Chelsea International Horticultural Show 2011
In this article, I am diverting from my comments on the Grenada Boys Secondary School Song to another aspect of the fruits of the ‘vibrant fecundity’ of Grenada, the country. The phrase was uttered more than 20 years ago by a visiting Lady Member of the British House of Lords, who had an interest in Agriculture. Some visitors, entranced by the beauty of islands like Grenada, elevate their descriptions to high levels, for example, they say ‘this is a paradise’. I have never welcomed what seemed to me to be an implicit comparison with their own country. And flowers do have a way of diverting attention from other country issues. This Baroness (whose name, with apologies, I cannot recall) was more mundane in her description, and frankly for me hit the right button.

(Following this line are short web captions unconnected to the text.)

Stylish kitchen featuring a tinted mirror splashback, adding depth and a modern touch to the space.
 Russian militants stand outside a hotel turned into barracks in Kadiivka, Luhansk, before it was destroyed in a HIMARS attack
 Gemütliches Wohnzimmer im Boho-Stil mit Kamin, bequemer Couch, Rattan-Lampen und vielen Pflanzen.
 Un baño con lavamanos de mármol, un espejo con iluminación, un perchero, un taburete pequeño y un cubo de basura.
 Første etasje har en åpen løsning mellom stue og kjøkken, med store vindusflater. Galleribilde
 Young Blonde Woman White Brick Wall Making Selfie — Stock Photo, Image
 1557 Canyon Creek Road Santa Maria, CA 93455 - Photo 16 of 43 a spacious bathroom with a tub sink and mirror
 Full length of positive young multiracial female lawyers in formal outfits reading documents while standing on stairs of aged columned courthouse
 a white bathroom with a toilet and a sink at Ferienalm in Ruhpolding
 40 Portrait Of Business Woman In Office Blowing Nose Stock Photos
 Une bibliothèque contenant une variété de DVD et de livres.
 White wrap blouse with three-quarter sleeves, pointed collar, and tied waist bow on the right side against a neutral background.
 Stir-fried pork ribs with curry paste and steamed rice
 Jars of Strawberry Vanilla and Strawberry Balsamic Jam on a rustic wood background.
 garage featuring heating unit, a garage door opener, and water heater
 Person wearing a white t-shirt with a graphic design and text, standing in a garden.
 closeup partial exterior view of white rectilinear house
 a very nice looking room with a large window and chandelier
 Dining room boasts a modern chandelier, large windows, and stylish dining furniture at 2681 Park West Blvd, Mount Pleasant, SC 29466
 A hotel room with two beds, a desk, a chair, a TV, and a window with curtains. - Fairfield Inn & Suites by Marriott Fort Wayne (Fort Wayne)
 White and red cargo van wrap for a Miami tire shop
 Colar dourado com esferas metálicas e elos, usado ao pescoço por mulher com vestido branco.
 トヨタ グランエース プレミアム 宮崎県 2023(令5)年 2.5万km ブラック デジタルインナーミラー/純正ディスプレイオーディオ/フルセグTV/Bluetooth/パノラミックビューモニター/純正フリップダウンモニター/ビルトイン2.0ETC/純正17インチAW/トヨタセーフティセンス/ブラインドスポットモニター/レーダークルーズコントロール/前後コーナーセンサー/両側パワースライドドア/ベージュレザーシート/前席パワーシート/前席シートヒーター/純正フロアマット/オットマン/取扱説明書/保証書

The Baroness was invited to the Mirabeau Agricultural Station to see a research plot of the flowers you see exhibited at the Chelsea Show. Mirabeau is prone to rainfall, and that morning was no surprise. I remember many of us standing under the wide branches of a tall mango tree, one so tall that no fruit fell from it that did not burst open. The atmosphere was not only warm, but also carried with it that smell that comes from decaying leaves on damp earth. But the red and pinks of Ginger Lilies and Heliconia elevated our spirits.
My colleague, Daniel Lewis, then Flowers Agronomist of the Ministry of Agriculture, presented the Baroness with a bunch of mixed flowers and the words ‘Lovely flowers for a lovely lady”. At which she immediately quipped: “Stay around, boy, stay around”. Good enough for starting the day with a good laugh. She then proceeded with a short speech in which she mentioned that she could almost feel the “vibrant fecundity” which she was seeing around her. That struck a strong chord in me – it was a different and wider view to see Grenada as productive rather than paradisiacal.
Every year over the last nine years, Grenadian pride has been on exhibit, and winning at the Chelsea International Horticultural Show. Every year, not only has the mix of products been startling, but the arrangements have also been brilliant. To me, the soul behind the production and display of Grenada’s flora is no better described than by that term “vibrant fecundity”. Stay long enough just looking at the mixes in the Grenada pictures, and you will feel the ‘vibrant fecundity’ of Grenada, the pride of the producers, and the brilliance of the organizers. Then inspect the natural beauty of the individual flowers and ornamental plants. Brilliant, vibrant fecundity indeed!
For my part, the GBSS, the GBSS Hostel and others of that type are other aspects of that vibrant fecundity of Grenada. Think about it!